“Thanks for tying the knot, Angélique,” said he at length. “It is a hard knot, mine, is it not, both to tie and to untie?”
She looked at him, not pretending to understand any meaning he might attach to his words. “Yes, it is a hard knot to tie, yours, Bigot, and you do not seem particularly to thank me for my service. Have you discovered the hidden place of your fair fugitive yet?” She said this just as he turned to depart. It was the feminine postscript to their interview.
Bigot's avoidance of any allusion to the death of Caroline was a terrible mark of suspicion; less in reality, however, than it seemed.
Bigot, although suspicious, could find no clue to the real perpetrators of the murder. He knew it had not been Angélique herself in person. He had never heard her speak of La Corriveau. Not the smallest ray of light penetrated the dark mystery.
“I do not believe she has left Beaumanoir, Bigot,” continued Angélique; “or if she has, you know her hiding-place. Will you swear on my book of hours that you know not where she is to be found?”
He looked fixedly at Angélique for a moment, trying to read her thoughts, but she had rehearsed her part too often and too well to look pale or confused. She felt her eyebrow twitch, but she pressed it with her fingers, believing Bigot did not observe it, but he did.

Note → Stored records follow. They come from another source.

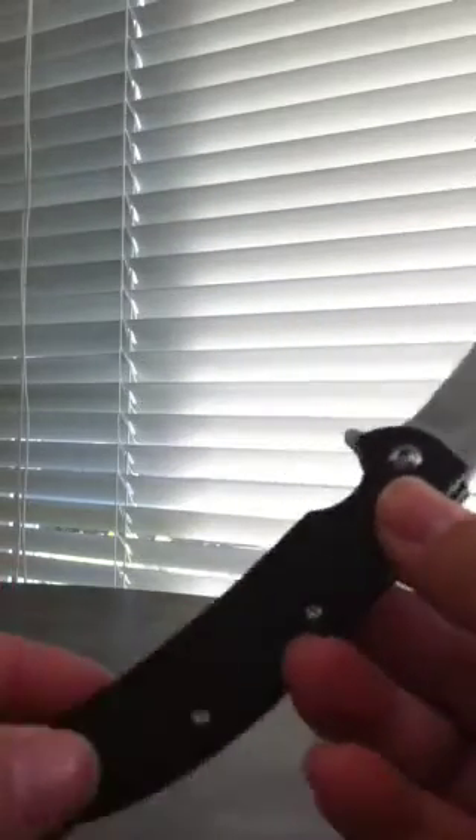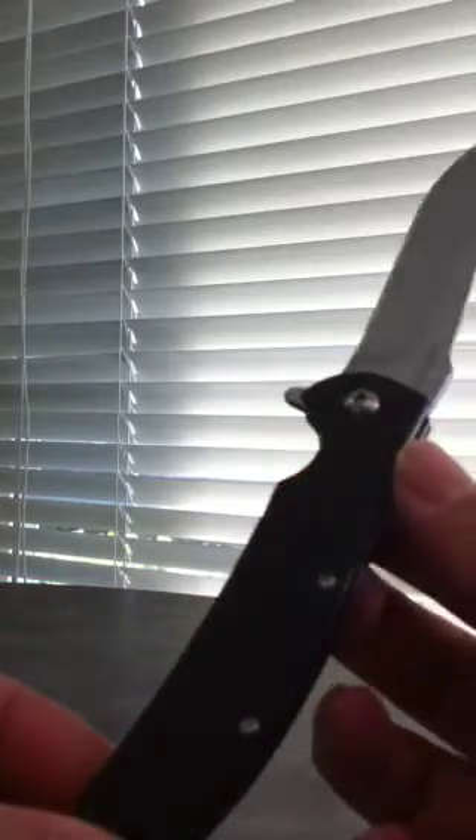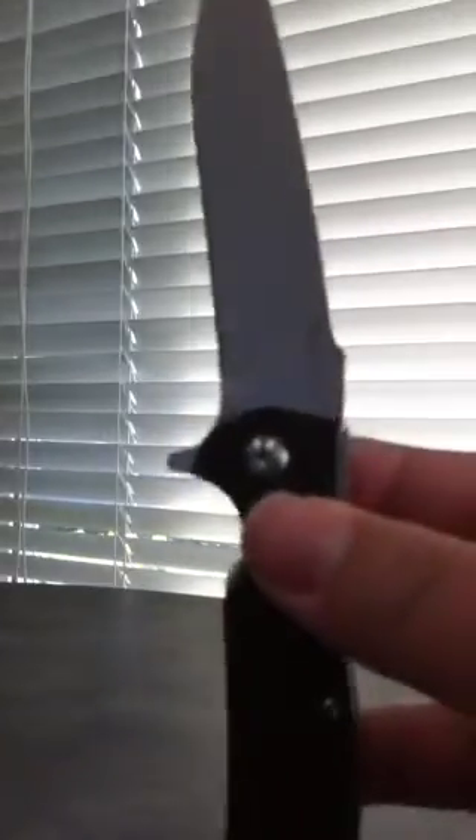And then it's got that flipper design — gotta give it a little flick. Cheaten handles. It's 8CR13MOV steel. Great pocket clip. Lanyard hole, of course. There it is — my new knife. Very exciting.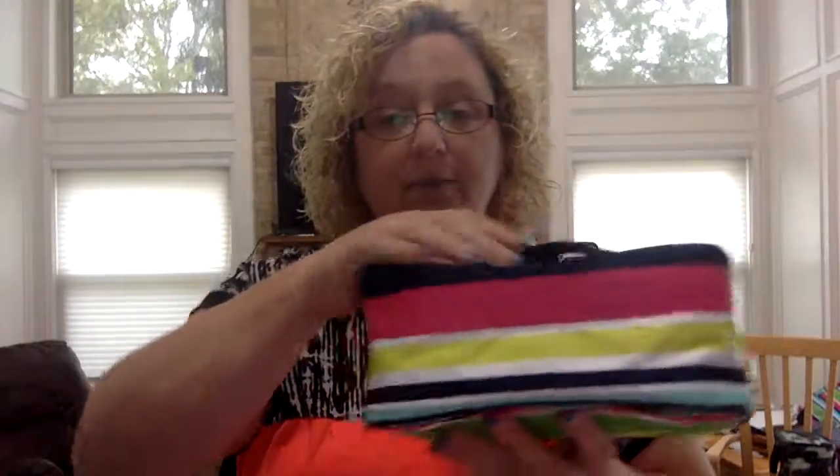I wanted to show this to you because a lot of times we're looking for a good makeup bag. You cannot monogram this baby because it's got too much stuff on the inside — you'll see that. But it's got a little strap up here and then you open it up and voila!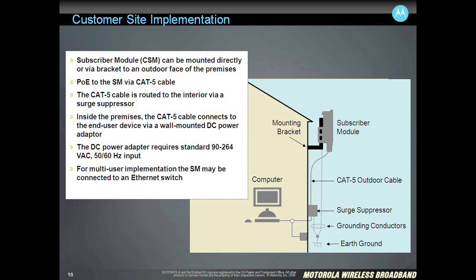At the remote end where the subscriber module is installed, it's a very simple deployment. You have the subscriber module with a single cable coming down to a surge suppressor and then a power over Ethernet injector inside the residence or business that feeds data and power over Ethernet up to the subscriber module. So it's a very simple matter to deploy the subscriber module.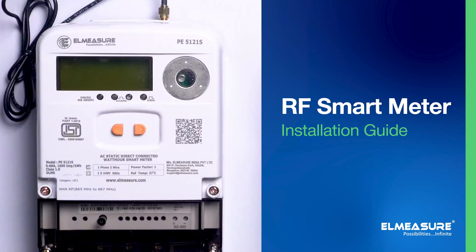Welcome to the Installation and Configuration Guide for the LMEASURE RF Smart Meter. In this demonstration, we will take you through the key steps required to install and configure the RF meter.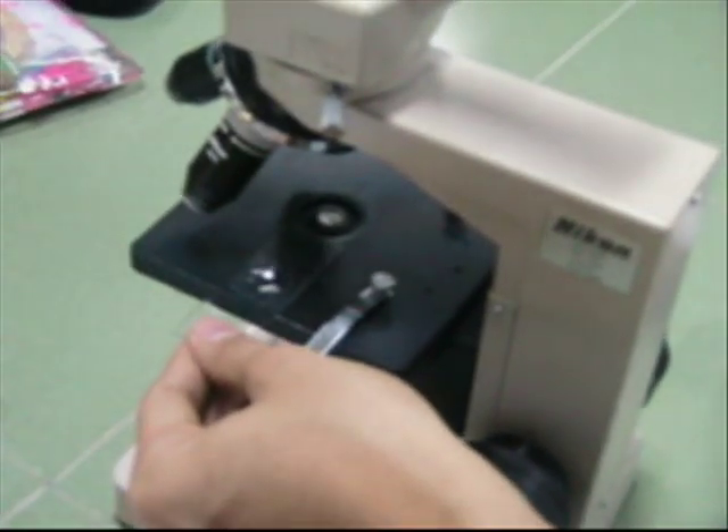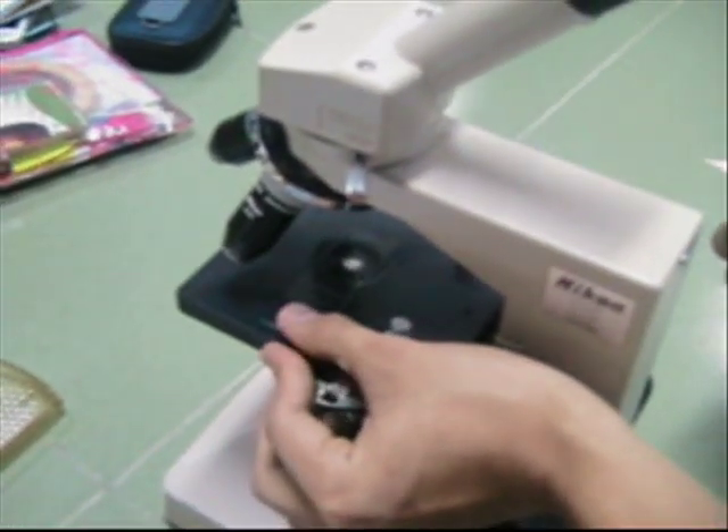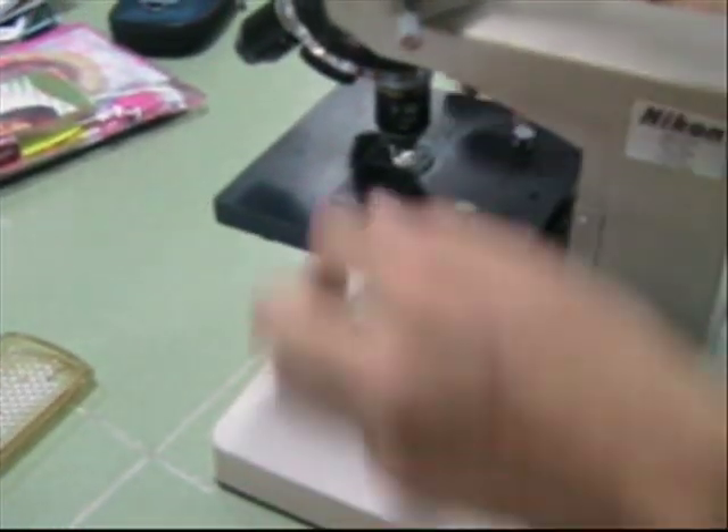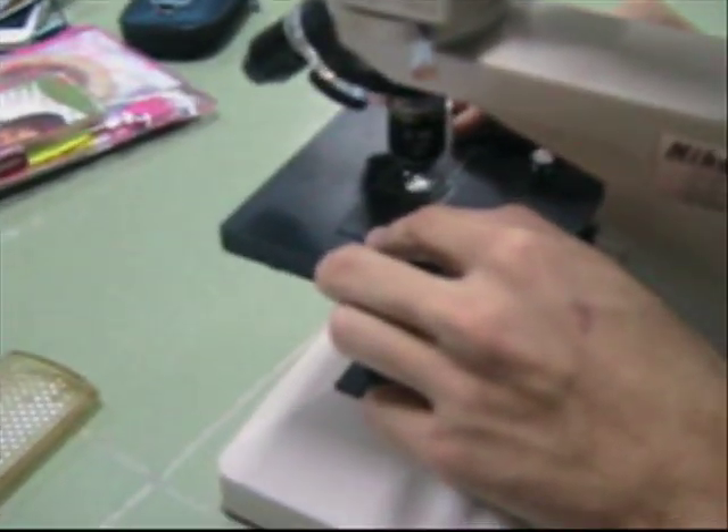A strip of filter paper was used to draw some liquid from the slide. The group was able to observe the cell body.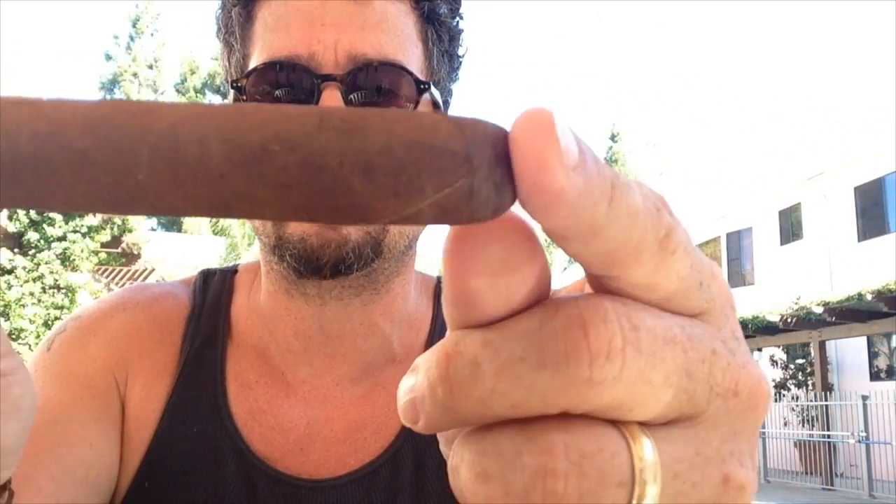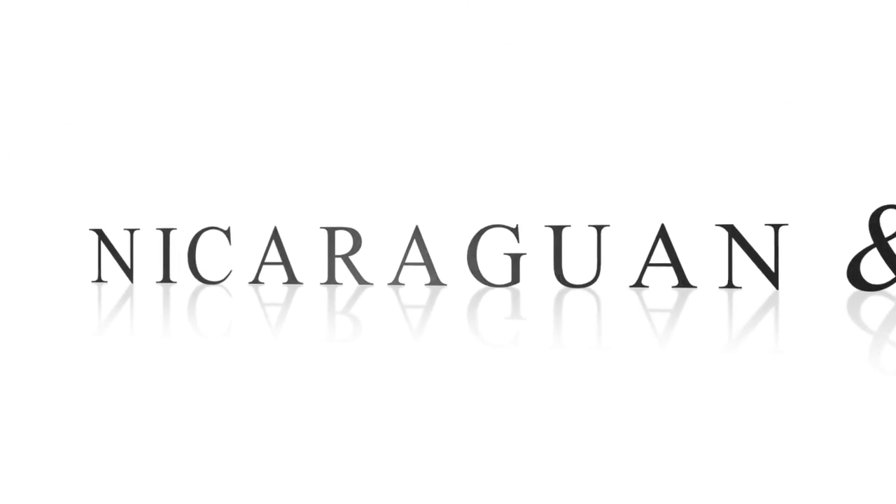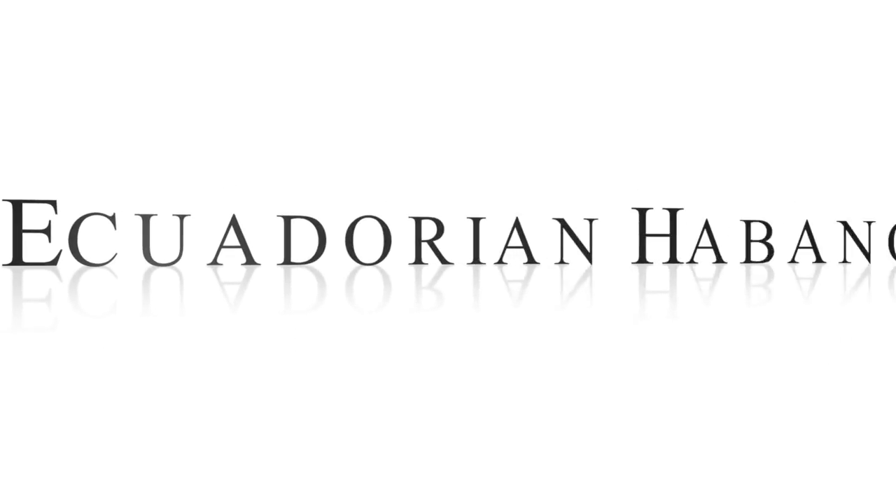Look at that nice-looking nut brown stick. Minimal veinage and very nice filling. This cigar is filled with Nicaraguan and Dominican filler. The binder is Nicaraguan and the wrapper is Ecuadorian Habano. Very nice.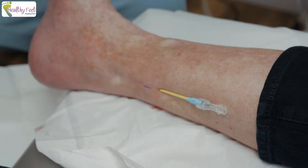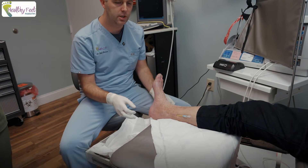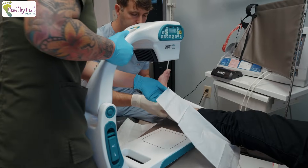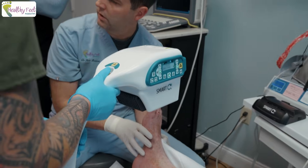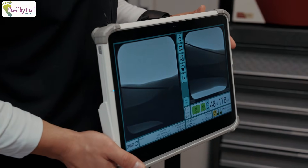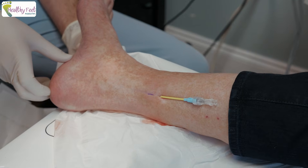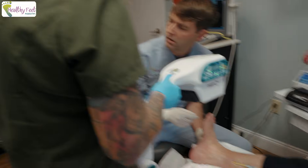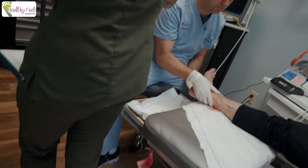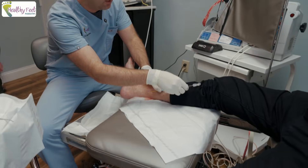Let me get that X-ray up please. Are you able to hang your left leg off to the side — are you comfortable doing that? Lift up, slide down this way a little bit. I'm going to rotate your leg a little bit this way if possible. Now I'm just going to slide out the sharp part of this, which helps me guide the introducer.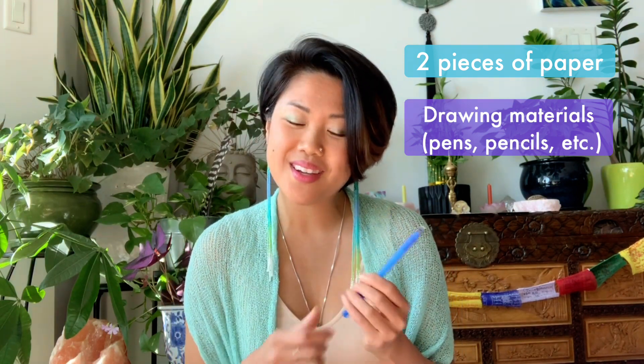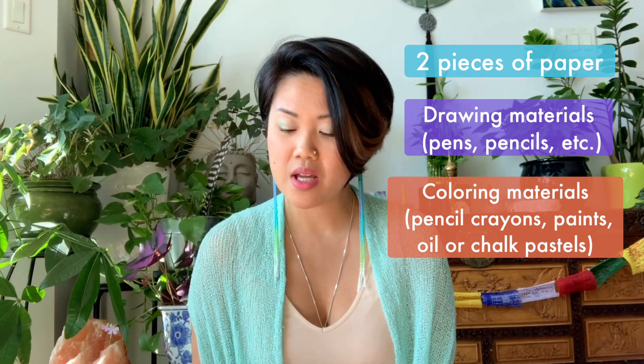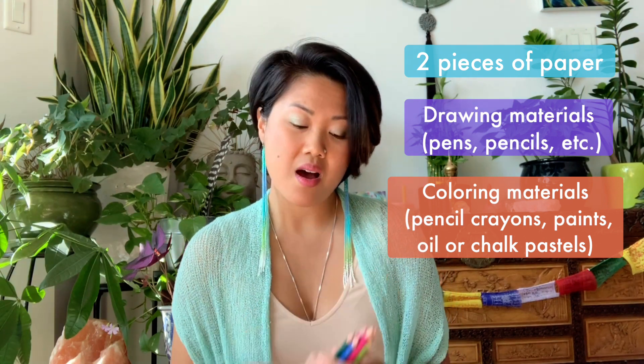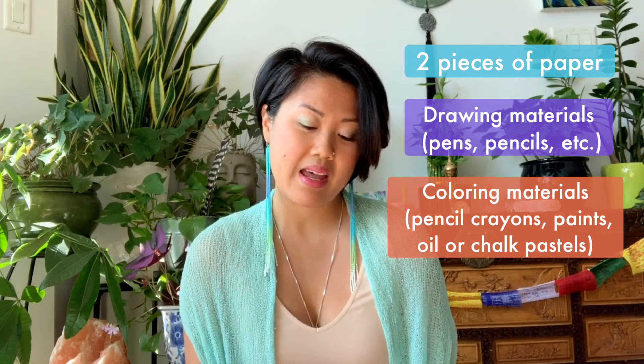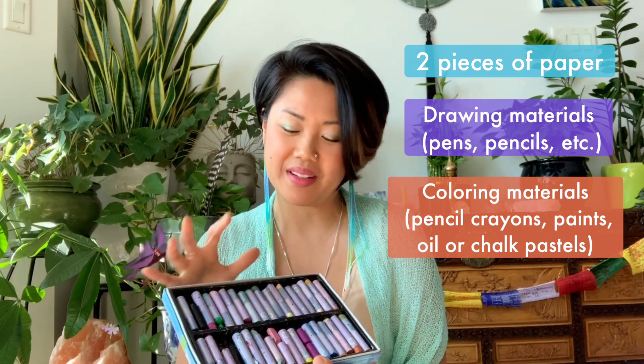What you're going to need are just really simple supplies that you have at home. You'll need one piece of paper, which you can cut in half, or two pieces of paper depending on how big you want them. You're also going to need some sort of drawing material — whether it's a pen, felt markers, or a pencil. And if you have it, it'll be nice to also have some coloring materials, like pencil crayons, watercolor paints, or oil pastels. I love oil pastels because of the way they move across the paper and the vibrancy of the colors, but you can use whatever you have at home.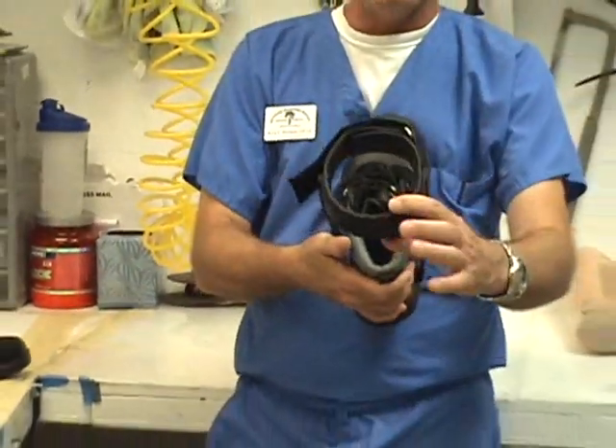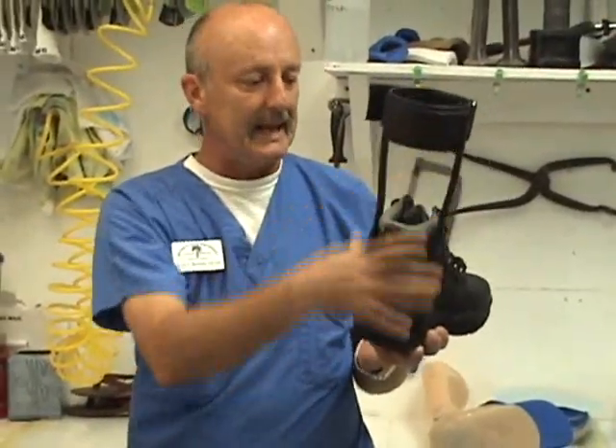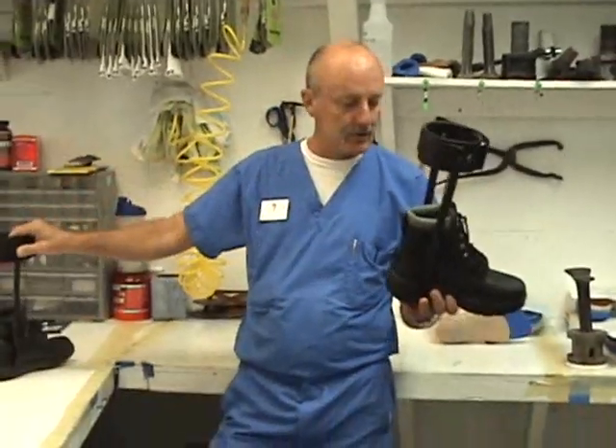Basically it's a leather cuff that goes around the calf. None of this metal touches the leg anywhere. This one is attached to a boot, but we also make them attached to shoes.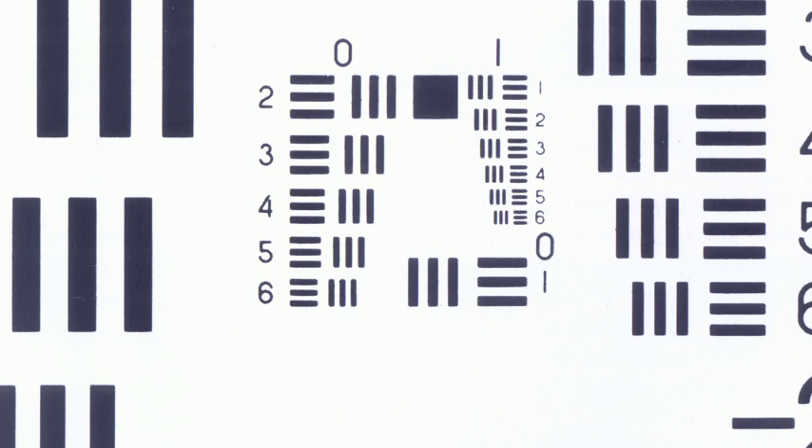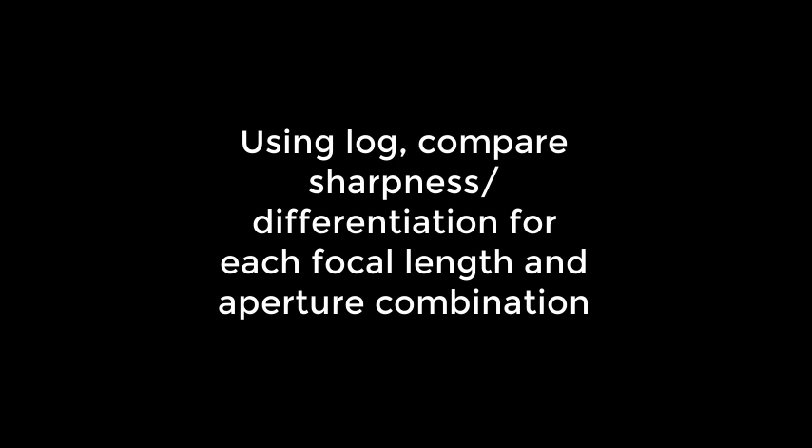Pull up your images for every shot you took and use your log. You'll start to see that lenses become sharp at a particular focal length and stay sharp from f-stop to f-stop, but eventually may get a little softer. A good example is as you get closer to f22, you may find some lenses get a little softer on the edges of the bars. By analyzing this, you can determine the range of f-stops that will give you sharp images and those that won't — and it changes by focal length, so analyze each focal length and each f-stop.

“I will swear and curse both, if you wish it, Angélique,” replied he. “Which shall it be?”
“Well, do both,—swear at me and curse the day that I banished Le Gardeur de Repentigny for your sake, François Bigot! If the lady be gone, where is your promise?”
Bigot burst into a wild laugh, as was his wont when hard-pressed. He had not, to be sure, made any definite promise to Angélique, but he had flattered her with hopes of marriage never intended to be realized.
“I keep my promises to ladies as if I had sworn by St. Dorothy,” replied he.